Fearing communist sympathies from the President and his National Security Adviser, Admiral Moorer organized a spy ring inside the White House's National Security Council office with the purpose of obtaining classified documents to undermine the policies of Nixon's White House.

== The affair ==
In December 1971, the Nixon Administration became concerned over a column written by journalist Jack Anderson titled "U.S. Tilts to Pakistan" which contained confidential information from classified documents regarding unofficial U.S. diplomatic policy in relation to the Indo-Pakistani war of 1971. Following the publication of the article, White House aides led by John Ehrlichman began an internal investigation into a possible intelligence leak. After an extensive investigation which included administering polygraphs to those with access to the files, the investigation determined the source of the leak to be the Joints Chiefs of Staff liaison office to the National Security Council. The office was staffed primarily by Admiral Robert O. Welander who supervised the office and Yeoman Charles Radford who worked as a stenographer‐clerk.

Yeoman Radford eventually admitted to having stolen classified documents from the National Security Council which he took from briefcases and burn bags to be delivered to his superiors, Admiral Robert O. Welander and Admiral Rembrandt C. Robinson, who in turn delivered them to Admiral Thomas H. Moorer, the Chairman of the Joint Chiefs of Staff. Admiral Elmo Zumwalt, then Chief of Naval Operations, was also implicated as having involvement in the conspiracy, along with National Security Council staffer David Oscar Bowles.

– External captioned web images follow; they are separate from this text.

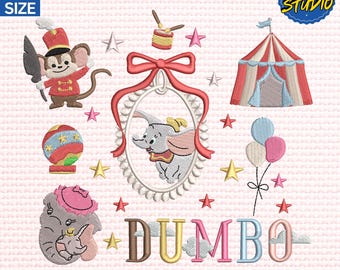 Magical Land Embroidery Design, Cartoon Elephant Embroidery Design, Cartoon Coquette Bow Embroidery Design, Instant Download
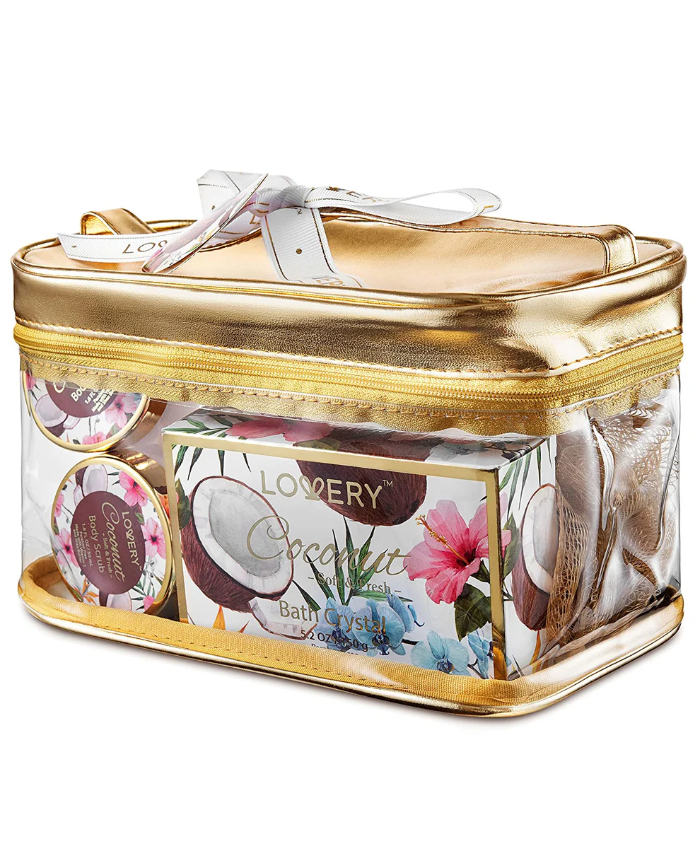 Coconut Scented Home Spa Gift Set - 8Pc Self Care Kit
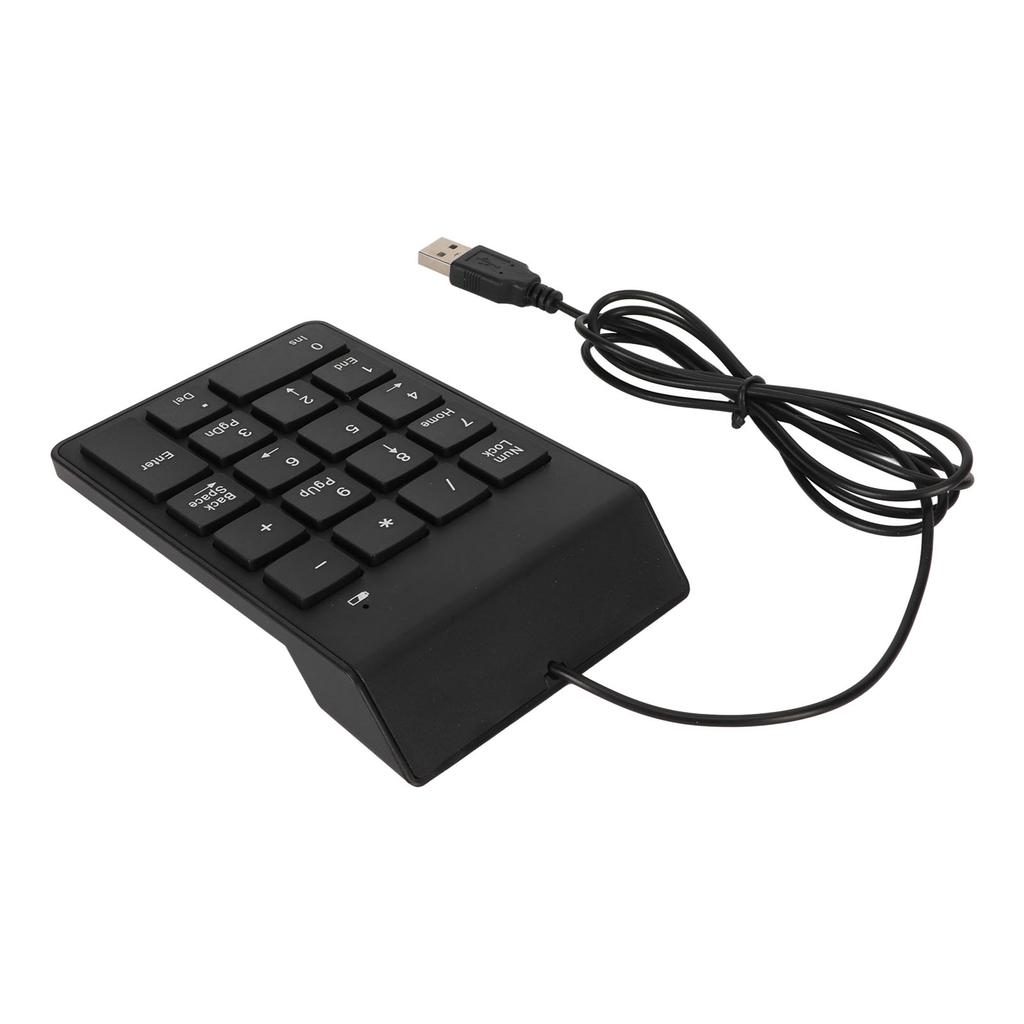 Wired Number Pad Black USB Connection 18 Keys Quiet Plug and Play Smoothing Numeric Keypad for Bank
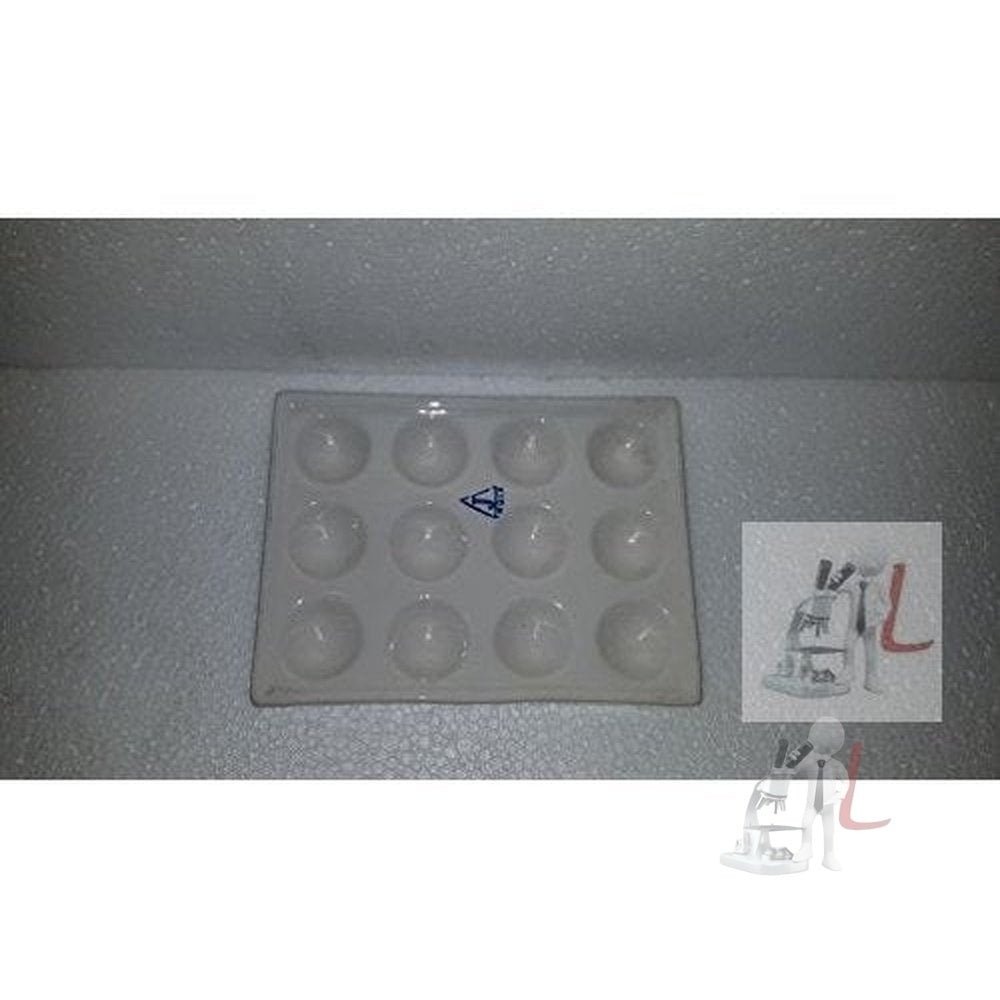 WKM Spotting Cavity Tile Plate 12 Cavity Porcelain for General Lab Use - Laboratorydeal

A week after the publishing of Jack Anderson's article, John Ehrlichman met with President Richard Nixon, Attorney General John N. Mitchell and Chief of Staff H. R. Haldeman to discuss the outcome of his investigation. The meeting was recorded by Nixon as part of the Nixon White House tapes. During the meeting Nixon voiced suspicion of Alexander Haig being involved and discussed prosecuting Admiral Moorer. Eventually Nixon decided to cover up the affair on the advice of Attorney General Mitchell, believing its revelation would hurt military morale and that ignoring it would cause the Joint Chiefs of Staff to be indebted to the President, thus increasing his control over The Pentagon.

== Aftermath ==
Soon after the affair was revealed, Admiral Robert O. Welander and Yeoman Radford were transferred to remote military posts. The details of the scandal eventually came to light in 1974 during the Watergate Scandal. Many of those implicated in the affair publicly denied their involvement and the story was soon overshadowed by other aspects of Watergate and largely forgotten. The event remained obscure until the 1990s.

On October 26, 2000, audio recordings made by President Nixon regarding his initial conversations about the affair were declassified and released for public access.